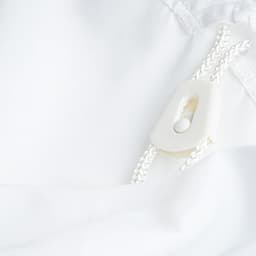 A white laundry bag made of 100% polyester, featuring a drawstring closure with a plastic toggle.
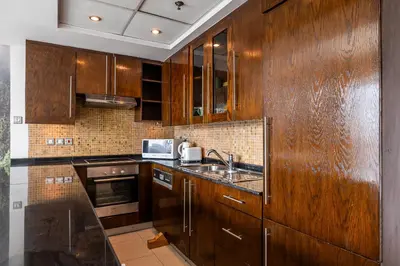 a kitchen with wooden cabinets and a sink at Spacious Studio in Downtown I 8 Boulevard Walk in Dubai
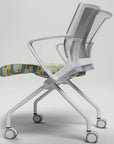 Modern office chair with white frame and patterned seat on a light gray background. Kansas City Office Design.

ABOUT THIS TASK.
The whole listing, pictures excluded, should be output exactly.

EXPECTED ANSWER.
 A white laundry bag made of 100% polyester, featuring a drawstring closure with a plastic toggle.
 a kitchen with wooden cabinets and a sink at Spacious Studio in Downtown I 8 Boulevard Walk in Dubai
 Modern office chair with white frame and patterned seat on a light gray background. Kansas City Office Design.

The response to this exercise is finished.